Friday, May 18, 2018

Easy Rider. Get your motor running!


Born to be Wild.
Maybe I wasn't, but that didn't stop my dreaming.






This movie connected with me in a special way. It combined my yearning for freedom and adventure with my love of motorcycles. With a splash of youthful rebelliousness.


Especially my love of Harley Davidsons. Though I was happily riding a Honda, I knew that I needed to have an HD to express the degree of my motorcycling commitment. I needed something that would identify me as a real rider. I knew that life changing day would inevitably come.
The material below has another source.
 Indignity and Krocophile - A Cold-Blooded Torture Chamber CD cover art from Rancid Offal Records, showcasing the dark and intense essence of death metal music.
It doesn't look like a textbook.



It doesn't look like a Bible.

Reading Choppers and Big Bike magazine was where I got my education in Harley Davidson and the hard core biker lifestyle. Easy Riders came along quite a few years later. Their articles and features were written from the view point of the lifer biker, not the poser.


Street Chopper took a more middle class approach to the subject.
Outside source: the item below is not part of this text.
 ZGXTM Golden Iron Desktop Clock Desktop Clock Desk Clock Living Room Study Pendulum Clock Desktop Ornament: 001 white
It was never about the illegal, drug fueled adventures of Capt. America and Billy, it was the fact that they actually rode`those bikes a very long, long, way. Even if they didn't find what they thought they were looking for.

Even at the beginning, when I first started riding motorcycles, it was always about going somewhere. The further the better. I remember riding my Honda 50 up a hill that was so steep and so long, that it just couldn't go any further. The motor stalled and I was forced to turn it around and go back downhill. I knew that some day, and it would be someday soon, I would have a motorcycle that would be able to crest that hill and deliver me to the Promised Land on the other side.

A year later I had my Honda 160, which was still kind of small, but was big enough to conquer that hill and even venture onto the freeway. Everything was going to be different from now on.

The desire to own one of those custom choppers was shared by multitudes of young American riders who modified their own Hondas and Kawasakis into some semblance of Billy and Captain America's chopped Panheads.

I've posted my experiment with my Honda 305, and later with my Harley Sportster. But it was always about riding. I have modified many of my motorcycles over the years, but it was always with the idea of making them perform better on the road. Cafe racer or dragster type performance was never the goal. On the other hand, a full dress touring bike was never in my sights.  I wanted something that was more like the horse of a wandering cowboy, a faithful mount that could carry me anywhere, without looking like a two wheeled Winnebago.

My fascination with the Harley Davidson became something of an obsession. I was attracted by the mystique of the marque. The history and exclusivity. At this time there weren't any other companies building a big V twin. The Japanese were years away from their initial foray into the V twin cruiser genre. Their initial offering were, to put it mildly, laughable at best. The resurrection of the Indian brand was even further off in the horizon at the time.

To be a real biker, you needed to ride a Harley. As Chris Bunch once wrote "There's nothing wrong with a Triumph that giving it your old lady, and buying a Hog can't fix."




This book was not what I expected.


My longing to experience the freedom of the road was shared by my whole generation. It manifested itself through literature and song.

Robert Pirsig's book is about a lot of things, and well worth reading. Those who have never read it might assume that it explains how riding a motorcycle would transport you into a "Zen like" state of consciousness. You could take that away from it. Riding puts you in the here and now, in the immediacy of the moment. The experience is the whole point.


I have written about my own adventures on the road and how the fire was fueled by the social milieu. It's easy to reference my feelings back to TV shows like "Route 66" and "Then came Bronson." Maybe even "The littlest Hobo." (Now that's an obscure allusion!)







Looking back, it is easy to say that it was all period of romantic delusion. The concept of experiencing real freedom on the road, in the saddle of powerful machine was just an illusion. Maybe it was all just a waste of time, maybe everyone, even myself, were just fooling ourselves. Maybe, but you had to be there to know.




A nice video, but this wasn't made by me. 



We all wanted to live that life. Maybe some of us did.